Genome Completeness Evaluation
BUSCO is a computational tool used to assess the completeness and quality of genome assemblies(23). ASFV is not included in the BUSCO’s database (OrthoDB). Therefore, we developed a completeness evaluation system to generate a BUSCO-like notation.
completeness.py
Description
We generated consensus sequences from genotype I and II isolates. The CDS predicted from input ASFV genome using Prodigal were compared to consensus sequences using BLASTN (e-value 1e-5). This comparison yielded a BUSCO like genome completeness evaluation.
Input
An ASFV genome file.
Arguments
| Argument name | Required | Description |
|---|---|---|
| -c | No | consensus sequences to be use: I or II (default='II') |
Example
completeness.py single_fasta/OM966717.1.fasta -c II > OM966717.1_completeness.tsv
Output
A 5-column tsv table, the 5 fields are file name, genome size, gene number by prodigal, completeness evaluation with MGF genes and completeness evaluation without MGF genes. The following table is a partial example of the output.
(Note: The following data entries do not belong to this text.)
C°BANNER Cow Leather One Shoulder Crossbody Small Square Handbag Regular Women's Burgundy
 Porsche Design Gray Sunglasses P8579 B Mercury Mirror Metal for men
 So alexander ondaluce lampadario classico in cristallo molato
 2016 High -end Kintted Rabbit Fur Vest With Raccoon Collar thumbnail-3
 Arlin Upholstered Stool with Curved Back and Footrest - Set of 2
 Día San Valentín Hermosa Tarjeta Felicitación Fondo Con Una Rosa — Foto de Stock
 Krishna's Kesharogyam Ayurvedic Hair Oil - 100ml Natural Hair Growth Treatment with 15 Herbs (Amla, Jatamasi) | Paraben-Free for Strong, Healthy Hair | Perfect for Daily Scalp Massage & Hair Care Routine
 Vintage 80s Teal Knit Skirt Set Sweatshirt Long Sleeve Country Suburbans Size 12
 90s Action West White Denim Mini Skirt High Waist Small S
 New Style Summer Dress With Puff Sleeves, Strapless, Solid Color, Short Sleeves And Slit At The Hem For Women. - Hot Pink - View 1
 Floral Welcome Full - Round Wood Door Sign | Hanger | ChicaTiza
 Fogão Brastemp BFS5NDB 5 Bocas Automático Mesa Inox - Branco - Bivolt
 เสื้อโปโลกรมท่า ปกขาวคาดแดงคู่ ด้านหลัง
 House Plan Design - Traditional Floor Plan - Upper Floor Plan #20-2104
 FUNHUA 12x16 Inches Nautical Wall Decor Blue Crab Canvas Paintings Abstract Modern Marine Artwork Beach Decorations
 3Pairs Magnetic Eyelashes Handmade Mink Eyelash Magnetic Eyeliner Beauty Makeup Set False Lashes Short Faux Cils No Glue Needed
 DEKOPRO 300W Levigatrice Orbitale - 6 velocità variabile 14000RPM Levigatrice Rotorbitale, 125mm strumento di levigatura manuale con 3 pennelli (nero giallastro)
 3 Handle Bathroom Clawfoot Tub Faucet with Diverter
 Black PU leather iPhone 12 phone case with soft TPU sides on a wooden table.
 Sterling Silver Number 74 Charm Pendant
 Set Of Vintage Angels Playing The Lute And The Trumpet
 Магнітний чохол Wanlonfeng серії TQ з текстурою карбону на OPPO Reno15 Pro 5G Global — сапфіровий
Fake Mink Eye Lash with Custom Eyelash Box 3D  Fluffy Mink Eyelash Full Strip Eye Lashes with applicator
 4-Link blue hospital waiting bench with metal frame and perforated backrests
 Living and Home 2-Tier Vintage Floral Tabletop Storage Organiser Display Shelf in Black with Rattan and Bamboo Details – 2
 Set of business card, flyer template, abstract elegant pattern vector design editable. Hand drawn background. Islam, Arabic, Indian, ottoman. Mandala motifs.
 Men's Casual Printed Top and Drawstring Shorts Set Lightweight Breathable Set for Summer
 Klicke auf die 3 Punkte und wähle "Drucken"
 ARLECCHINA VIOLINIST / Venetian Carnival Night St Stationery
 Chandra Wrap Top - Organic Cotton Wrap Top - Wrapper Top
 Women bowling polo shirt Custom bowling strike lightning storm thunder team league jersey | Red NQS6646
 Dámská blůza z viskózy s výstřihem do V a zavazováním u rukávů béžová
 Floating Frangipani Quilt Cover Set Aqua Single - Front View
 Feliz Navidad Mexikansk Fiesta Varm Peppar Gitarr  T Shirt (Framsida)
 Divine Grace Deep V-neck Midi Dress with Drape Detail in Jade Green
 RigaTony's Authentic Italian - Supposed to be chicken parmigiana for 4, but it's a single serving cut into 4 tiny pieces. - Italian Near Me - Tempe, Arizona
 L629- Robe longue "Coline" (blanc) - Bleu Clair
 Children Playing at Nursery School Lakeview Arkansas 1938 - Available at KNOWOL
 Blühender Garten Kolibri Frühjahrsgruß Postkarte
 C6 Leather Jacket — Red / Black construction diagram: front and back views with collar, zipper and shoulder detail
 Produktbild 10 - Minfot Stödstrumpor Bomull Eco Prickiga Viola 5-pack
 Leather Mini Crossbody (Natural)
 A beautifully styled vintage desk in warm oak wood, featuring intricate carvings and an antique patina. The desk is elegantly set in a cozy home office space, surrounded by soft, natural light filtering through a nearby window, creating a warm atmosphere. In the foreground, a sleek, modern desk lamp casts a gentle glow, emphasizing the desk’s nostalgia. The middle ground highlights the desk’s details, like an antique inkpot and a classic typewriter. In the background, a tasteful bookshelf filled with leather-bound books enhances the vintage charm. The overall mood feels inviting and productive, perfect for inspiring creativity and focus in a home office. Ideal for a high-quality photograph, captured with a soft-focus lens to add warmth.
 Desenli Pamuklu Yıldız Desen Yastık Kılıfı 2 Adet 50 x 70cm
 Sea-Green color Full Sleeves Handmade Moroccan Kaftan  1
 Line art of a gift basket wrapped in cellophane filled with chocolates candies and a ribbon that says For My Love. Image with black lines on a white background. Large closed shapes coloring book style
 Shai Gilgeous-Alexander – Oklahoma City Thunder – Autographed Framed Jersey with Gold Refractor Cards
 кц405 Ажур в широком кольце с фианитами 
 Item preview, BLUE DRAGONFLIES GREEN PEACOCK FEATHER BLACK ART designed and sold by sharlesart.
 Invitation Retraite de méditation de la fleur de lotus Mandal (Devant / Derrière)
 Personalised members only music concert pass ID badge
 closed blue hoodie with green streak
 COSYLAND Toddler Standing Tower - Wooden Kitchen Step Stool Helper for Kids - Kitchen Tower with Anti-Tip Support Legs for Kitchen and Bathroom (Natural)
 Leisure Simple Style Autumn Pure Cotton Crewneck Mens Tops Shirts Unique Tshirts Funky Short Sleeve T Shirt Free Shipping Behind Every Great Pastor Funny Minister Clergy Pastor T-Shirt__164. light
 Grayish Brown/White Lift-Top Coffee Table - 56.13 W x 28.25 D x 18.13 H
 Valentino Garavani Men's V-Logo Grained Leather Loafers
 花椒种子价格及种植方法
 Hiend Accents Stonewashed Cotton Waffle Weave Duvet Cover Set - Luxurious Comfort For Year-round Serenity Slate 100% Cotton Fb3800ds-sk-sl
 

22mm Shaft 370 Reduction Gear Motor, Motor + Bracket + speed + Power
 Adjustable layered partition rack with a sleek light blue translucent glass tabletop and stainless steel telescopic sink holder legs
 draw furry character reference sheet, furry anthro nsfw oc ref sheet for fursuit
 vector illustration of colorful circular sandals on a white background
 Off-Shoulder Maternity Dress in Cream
| file_name | size | prodigal_gene_num | with_MGF | without_MGF | duplicate_genes | fragmented_genes | missing_genes |
|---|---|---|---|---|---|---|---|
| OM966717.1.fasta | 189125 | 168 | C:99.32%[D:0.0%],F:0.68%,M:0.0%,n:148 | C:99.13%[D:0.0%],F:0.87%,M:0.0%,n:115 | C122R |
The completeness evaluation is a BUSCO like notation, with C:complete [D:duplicated], F:fragmented, M:missing, n:number of genes used. If a consensus CDS term can find a mapping from the predicted gene sequences with an identity larger than 90%, together with a unique mapping length longer than 90%, it can be considered "complete." A consensus CDS term that cannot find a valid mapping (with an identity greater than 30% and a mapping length greater than 30%) in the predicted genes is considered "missing". The other consensus CDS with partial hit is termed "fragmented". The "duplicated" term means that there is more than one 'complete' hit in the predicted gene sequences.